- _EXERCISE INPUTS_:
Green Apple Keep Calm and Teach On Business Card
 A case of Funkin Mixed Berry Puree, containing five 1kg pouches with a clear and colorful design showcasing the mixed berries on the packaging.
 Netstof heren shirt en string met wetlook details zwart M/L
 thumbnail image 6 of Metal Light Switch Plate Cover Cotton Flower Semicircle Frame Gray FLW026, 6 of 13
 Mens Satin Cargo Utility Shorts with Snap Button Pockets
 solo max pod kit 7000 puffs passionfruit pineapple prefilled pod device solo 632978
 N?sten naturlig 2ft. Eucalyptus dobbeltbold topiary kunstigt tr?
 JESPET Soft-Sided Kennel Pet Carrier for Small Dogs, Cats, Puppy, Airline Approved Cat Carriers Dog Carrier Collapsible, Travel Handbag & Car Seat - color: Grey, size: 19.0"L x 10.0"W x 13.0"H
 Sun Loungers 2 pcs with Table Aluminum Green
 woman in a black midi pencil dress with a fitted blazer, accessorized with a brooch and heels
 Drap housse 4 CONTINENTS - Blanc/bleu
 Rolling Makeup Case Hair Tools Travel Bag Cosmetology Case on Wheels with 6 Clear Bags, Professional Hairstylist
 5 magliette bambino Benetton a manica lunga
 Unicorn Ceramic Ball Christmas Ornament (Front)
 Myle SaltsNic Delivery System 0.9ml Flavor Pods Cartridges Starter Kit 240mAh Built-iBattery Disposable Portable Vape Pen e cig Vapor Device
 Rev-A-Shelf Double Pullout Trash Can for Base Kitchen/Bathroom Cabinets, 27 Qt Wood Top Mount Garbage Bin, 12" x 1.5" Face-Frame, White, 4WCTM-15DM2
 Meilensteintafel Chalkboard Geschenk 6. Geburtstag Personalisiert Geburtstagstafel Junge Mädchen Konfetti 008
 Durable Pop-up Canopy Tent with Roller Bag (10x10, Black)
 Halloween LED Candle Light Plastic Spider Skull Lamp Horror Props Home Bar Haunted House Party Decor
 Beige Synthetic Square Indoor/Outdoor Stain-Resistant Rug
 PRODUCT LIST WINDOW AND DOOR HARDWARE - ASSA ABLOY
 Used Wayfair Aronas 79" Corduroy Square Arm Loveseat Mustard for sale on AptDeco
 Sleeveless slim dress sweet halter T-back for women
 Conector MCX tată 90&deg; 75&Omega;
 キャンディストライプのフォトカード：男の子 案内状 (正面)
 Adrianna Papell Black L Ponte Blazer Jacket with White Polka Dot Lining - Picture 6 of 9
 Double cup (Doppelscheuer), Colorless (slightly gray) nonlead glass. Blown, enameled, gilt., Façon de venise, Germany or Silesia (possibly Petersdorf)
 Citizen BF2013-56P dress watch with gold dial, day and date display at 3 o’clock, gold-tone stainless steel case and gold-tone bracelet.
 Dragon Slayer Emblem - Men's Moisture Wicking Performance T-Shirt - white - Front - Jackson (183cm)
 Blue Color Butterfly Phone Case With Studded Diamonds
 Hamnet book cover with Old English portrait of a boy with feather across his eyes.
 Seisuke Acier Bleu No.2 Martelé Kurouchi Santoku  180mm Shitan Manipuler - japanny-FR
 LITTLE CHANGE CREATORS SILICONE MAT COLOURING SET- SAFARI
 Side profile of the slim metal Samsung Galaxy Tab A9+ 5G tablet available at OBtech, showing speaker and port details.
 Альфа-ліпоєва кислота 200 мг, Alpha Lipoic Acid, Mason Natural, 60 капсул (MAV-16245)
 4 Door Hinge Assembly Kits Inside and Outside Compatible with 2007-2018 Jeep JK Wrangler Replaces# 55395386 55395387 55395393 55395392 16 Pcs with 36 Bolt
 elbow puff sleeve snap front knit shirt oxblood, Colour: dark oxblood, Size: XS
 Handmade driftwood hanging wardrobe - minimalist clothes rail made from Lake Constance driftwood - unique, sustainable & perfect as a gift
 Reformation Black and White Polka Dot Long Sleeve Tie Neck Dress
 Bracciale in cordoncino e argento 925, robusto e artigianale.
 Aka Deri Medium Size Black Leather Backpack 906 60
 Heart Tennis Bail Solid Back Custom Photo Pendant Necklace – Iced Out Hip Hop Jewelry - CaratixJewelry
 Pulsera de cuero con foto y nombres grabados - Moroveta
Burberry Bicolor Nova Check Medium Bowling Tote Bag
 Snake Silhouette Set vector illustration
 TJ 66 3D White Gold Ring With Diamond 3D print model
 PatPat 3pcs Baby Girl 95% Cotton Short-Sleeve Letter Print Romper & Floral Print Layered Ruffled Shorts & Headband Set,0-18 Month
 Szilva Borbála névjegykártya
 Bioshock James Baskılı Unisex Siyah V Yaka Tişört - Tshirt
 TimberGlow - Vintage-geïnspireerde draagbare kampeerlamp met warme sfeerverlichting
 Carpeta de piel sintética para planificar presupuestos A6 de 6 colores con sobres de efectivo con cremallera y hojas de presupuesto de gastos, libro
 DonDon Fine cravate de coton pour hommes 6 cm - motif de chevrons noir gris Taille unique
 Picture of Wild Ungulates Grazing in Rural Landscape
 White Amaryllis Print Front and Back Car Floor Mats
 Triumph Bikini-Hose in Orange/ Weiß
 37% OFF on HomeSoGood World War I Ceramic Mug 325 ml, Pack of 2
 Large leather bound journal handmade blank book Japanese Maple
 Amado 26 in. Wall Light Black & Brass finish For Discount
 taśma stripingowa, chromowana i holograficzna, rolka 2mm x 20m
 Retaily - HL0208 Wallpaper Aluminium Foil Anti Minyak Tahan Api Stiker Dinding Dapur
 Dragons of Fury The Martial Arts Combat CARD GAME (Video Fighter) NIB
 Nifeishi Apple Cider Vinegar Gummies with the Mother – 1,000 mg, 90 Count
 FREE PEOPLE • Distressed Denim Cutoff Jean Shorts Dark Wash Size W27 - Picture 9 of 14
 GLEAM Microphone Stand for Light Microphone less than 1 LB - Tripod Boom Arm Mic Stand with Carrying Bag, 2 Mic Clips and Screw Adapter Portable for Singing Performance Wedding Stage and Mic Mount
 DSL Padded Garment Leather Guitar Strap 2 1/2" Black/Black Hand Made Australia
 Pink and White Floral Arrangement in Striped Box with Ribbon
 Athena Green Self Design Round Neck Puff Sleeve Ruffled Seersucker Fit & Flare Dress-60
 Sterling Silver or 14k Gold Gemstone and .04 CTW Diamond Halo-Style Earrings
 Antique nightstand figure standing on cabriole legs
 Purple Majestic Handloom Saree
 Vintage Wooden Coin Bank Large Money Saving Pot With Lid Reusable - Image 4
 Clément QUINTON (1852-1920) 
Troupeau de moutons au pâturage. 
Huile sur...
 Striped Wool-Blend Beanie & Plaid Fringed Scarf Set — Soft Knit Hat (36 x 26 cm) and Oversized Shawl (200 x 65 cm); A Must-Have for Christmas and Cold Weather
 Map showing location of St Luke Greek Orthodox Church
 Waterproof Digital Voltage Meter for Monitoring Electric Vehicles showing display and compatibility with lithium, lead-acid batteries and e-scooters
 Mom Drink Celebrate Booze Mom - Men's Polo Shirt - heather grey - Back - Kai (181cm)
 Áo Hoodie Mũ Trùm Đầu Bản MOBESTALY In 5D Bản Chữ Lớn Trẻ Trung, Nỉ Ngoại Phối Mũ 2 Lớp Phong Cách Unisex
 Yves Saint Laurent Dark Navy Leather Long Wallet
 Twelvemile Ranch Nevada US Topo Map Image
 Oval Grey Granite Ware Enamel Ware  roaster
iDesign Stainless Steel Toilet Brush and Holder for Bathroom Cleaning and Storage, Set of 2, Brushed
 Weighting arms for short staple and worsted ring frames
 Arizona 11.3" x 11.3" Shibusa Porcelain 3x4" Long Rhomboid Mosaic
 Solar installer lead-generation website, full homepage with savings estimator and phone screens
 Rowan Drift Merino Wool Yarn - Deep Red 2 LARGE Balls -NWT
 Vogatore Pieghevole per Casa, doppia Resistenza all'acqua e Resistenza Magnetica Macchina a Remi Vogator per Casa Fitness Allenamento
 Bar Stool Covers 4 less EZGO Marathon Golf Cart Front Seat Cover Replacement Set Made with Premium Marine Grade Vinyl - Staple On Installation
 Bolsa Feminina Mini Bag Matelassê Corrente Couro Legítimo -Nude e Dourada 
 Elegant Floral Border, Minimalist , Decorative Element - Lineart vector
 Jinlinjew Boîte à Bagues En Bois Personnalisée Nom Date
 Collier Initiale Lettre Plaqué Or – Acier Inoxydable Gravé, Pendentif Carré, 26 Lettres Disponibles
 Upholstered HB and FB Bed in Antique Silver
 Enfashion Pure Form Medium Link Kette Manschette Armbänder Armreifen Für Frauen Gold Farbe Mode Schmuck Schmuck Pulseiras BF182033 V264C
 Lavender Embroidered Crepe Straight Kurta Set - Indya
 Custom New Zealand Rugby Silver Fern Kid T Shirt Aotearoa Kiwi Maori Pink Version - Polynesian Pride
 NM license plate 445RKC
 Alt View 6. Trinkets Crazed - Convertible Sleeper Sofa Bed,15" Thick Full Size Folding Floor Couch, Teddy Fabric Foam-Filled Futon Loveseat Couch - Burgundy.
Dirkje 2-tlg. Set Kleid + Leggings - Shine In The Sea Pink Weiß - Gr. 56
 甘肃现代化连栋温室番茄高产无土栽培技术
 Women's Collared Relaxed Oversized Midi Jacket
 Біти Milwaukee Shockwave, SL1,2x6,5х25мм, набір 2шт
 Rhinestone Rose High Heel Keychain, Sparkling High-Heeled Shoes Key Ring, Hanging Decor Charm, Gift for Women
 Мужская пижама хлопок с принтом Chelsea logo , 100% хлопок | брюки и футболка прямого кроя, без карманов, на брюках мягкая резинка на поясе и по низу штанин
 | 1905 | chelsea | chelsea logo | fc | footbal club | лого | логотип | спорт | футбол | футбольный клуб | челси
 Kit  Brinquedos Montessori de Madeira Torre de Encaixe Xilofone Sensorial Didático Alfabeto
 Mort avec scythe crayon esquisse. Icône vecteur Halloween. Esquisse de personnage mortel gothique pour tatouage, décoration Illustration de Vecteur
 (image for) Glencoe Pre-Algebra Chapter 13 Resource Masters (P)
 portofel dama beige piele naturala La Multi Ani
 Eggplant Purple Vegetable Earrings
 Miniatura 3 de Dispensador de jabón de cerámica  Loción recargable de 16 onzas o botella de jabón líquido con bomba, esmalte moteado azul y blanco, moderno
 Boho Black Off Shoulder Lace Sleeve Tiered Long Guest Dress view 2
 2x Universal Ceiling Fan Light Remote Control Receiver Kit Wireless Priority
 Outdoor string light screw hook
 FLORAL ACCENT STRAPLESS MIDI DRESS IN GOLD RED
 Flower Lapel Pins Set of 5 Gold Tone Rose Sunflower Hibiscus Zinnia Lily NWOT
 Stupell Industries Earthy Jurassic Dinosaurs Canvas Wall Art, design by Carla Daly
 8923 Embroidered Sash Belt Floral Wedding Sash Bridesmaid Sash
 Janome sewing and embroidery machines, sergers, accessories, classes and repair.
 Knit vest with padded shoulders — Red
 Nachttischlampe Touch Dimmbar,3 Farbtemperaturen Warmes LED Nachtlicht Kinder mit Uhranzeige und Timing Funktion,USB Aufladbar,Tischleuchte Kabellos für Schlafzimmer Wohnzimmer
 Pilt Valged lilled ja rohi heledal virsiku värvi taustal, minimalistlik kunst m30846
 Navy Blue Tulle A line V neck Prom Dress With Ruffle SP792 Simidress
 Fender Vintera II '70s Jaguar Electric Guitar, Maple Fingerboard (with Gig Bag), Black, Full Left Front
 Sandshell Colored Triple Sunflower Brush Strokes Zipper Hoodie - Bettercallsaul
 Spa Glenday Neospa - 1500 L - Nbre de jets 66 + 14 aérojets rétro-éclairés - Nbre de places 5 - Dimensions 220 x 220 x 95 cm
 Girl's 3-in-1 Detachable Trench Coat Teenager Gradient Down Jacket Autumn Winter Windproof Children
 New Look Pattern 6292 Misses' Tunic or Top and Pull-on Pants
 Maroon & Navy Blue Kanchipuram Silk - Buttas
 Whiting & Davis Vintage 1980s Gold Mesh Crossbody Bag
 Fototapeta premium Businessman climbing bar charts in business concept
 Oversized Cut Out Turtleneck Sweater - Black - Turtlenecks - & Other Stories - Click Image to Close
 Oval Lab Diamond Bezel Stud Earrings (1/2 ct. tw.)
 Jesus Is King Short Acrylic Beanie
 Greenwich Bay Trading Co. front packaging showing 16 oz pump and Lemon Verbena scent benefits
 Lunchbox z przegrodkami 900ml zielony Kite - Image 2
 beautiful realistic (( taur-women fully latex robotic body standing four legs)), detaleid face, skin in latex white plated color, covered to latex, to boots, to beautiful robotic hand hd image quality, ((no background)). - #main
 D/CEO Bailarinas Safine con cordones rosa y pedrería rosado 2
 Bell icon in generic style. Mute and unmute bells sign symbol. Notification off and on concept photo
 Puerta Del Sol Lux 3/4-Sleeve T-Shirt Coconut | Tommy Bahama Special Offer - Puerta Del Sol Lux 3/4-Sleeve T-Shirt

- _ASSIGNMENT_:
Give only the lines from the one holding "Bar Stool Covers" through the one holding "Elegant Floral Border, Minimalist", each restated exactly as it appears above.

- _COMPLETED TASK_:
 Bar Stool Covers 4 less EZGO Marathon Golf Cart Front Seat Cover Replacement Set Made with Premium Marine Grade Vinyl - Staple On Installation
 Bolsa Feminina Mini Bag Matelassê Corrente Couro Legítimo -Nude e Dourada 
 Elegant Floral Border, Minimalist , Decorative Element - Lineart vector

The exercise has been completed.